The specific impetus behind the 1962 movement was an incident at a local department store: an AEA member was denied credit specifically due to the fact that he was an actor. This member proceeded to raise the issue at a union meeting and enlisted six men to take up the challenge of starting a credit union for those in the acting profession. These men—Conrad Bain, Anthony Saverino, Robin Craven, Herb Nelson, Theodore Bikel, Angus Duncan, and Bill Ross—formed the Actors Federal Credit Union in 1962 with the help of Leo Schwarz, Field Representative of the New York League of Credit Unions.

===Milestones===
- Late 1960s: Issued its first mortgage to actor Jerry Orbach
- 1979: Angela Lansbury was welcomed as the ten-thousandth member
- 1986: Merged with Local 700 Motion Picture Editors Guild Credit Union
- Late 1980s: Merged with Writers Guild of America, East Credit Union
- 1991: Merged with American Federation of Television and Radio Artists (AFTRA) Credit Union
- 1998: Helped get the Credit Union Membership Access Act (HR-1151) enacted
- 1999: Placed its first ATM and became NYC's number one credit union deployer of ATMs.
- 2002: NYC Council Speaker Gifford Miller and Third District Council member Christine Quinn along with Torrence Allen, delivered proclamations of congratulations to the ActorsFCU. Letters were also presented from New York State Senator Tom Duane and U.S. Senator Hillary Clinton. Public Advocate Betsy Gotbaum issued a proclamation declaring May 7 "Actors Federal Credit Union Day" in New York City, in perpetuity.

==Organization==
Actors Federal is chartered by the NCUA and governed by a board of volunteers, elected by and from its membership. The Credit Committee, which oversees the issuance of loans to the membership, is also composed of volunteers elected by the membership. Members are encouraged to serve on committees, run for office, and vote at the annual meeting.

==Services==
Actors FCU offers a range of account services generally offered by typical financial institutions such as credit cards and consumer loans (including balance transfer, cash advances, computer, union initiation fee, income tax, personal, vacation, and share secured), as well as auto loans and musical instrument loans. It has exempt status conferred by the state to engage in the business of mortgage loan servicing in New York without being registered as a mortgage loan servicer.

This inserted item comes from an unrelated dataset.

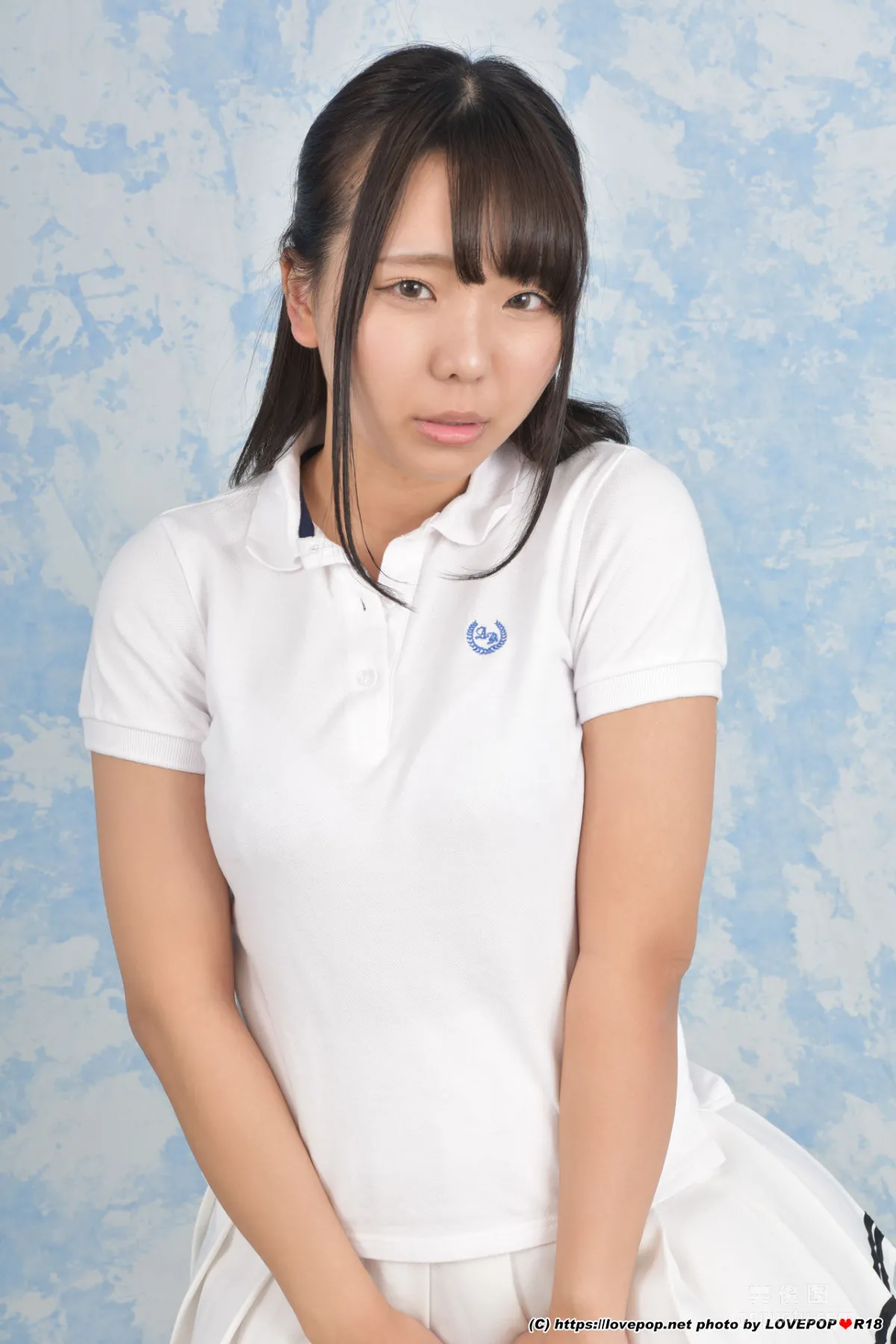 [LOVEPOP] 稲場るか Photoset 04 38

Currently, Actors FCU has five branch offices—two in New York City, including the main office in Times Square, one in Los Angeles, one in North Hollywood and one in Chicago.

Actors FCU is among the few institutions that offer Coogan Trust (SB 1162; CA) and UTMA/UGMA Accounts, designed to protect the earnings of child performers. By law, fifteen per cent of a young performer's gross earnings must be saved in these accounts, which are locked and are not available for withdrawal until the minor reaches the age of 18.

==Membership==
Actors Federal Credit Union's field of membership is designated by the National Credit Union Administration (NCUA). Membership is limited to individuals who share the common bond defined in the credit union's charter. Members and employees of specified organizations and their immediate family members are eligible to join Actors FCU. The definition of "Immediate family members" includes, but is not limited to: spouse/significant other, children, grandchildren, siblings, parents, and grandparents. Any individual who joins the credit union as a family member is entitled to the same membership benefits available to the sponsoring member.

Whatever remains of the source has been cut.